[Work order]:
Having found the line containing "GÜNEŞİ UYANDIRALIM" in the records below, copy that line and each later one exactly, dropping pictures.

[Provided data]:
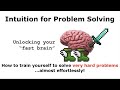 Unlocking Your Intuition: How to Solve Hard Problems Easily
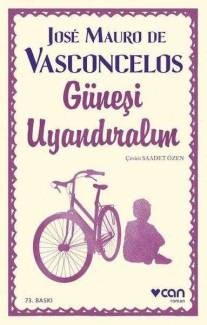GÜNEŞİ UYANDIRALIM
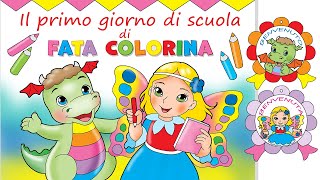 Fata Colorina primo giorno di scuola  Accoglienza Scuola Infanzia  Fiabe per bambini [upl. by Enomys]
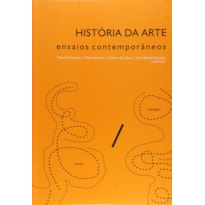 HISTÓRIA DA ARTE: ENSAIOS CONTEMPORÂNEOS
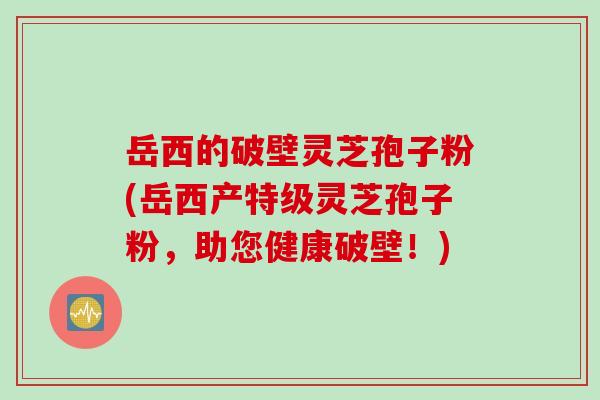 岳西的破壁灵芝孢子粉(岳西产特级灵芝孢子粉，助您健康破壁！)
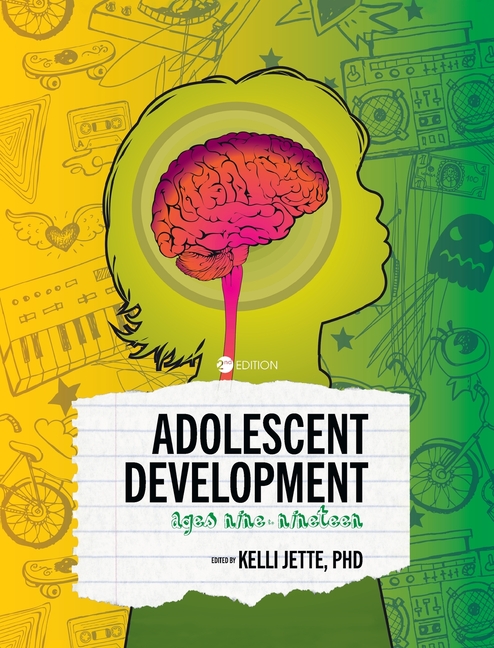 Adolescent Development: Ages Nine to Nineteen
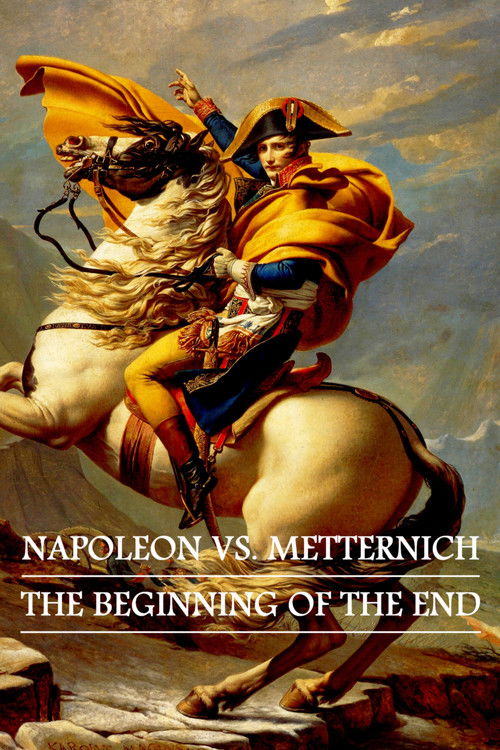 Napoleon – Metternich: Der Anfang vom Ende (2021) poster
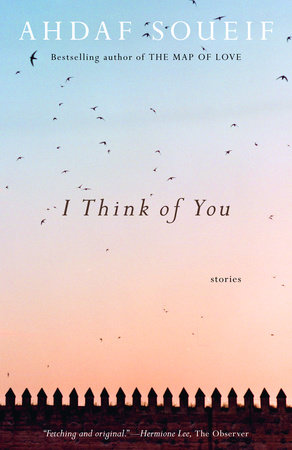 I Think of You Paperback by Ahdaf Soueif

[Exercise result]:
GÜNEŞİ UYANDIRALIM
 Fata Colorina primo giorno di scuola  Accoglienza Scuola Infanzia  Fiabe per bambini [upl. by Enomys]
 HISTÓRIA DA ARTE: ENSAIOS CONTEMPORÂNEOS
 岳西的破壁灵芝孢子粉(岳西产特级灵芝孢子粉，助您健康破壁！)
 Adolescent Development: Ages Nine to Nineteen
 Napoleon – Metternich: Der Anfang vom Ende (2021) poster
 I Think of You Paperback by Ahdaf Soueif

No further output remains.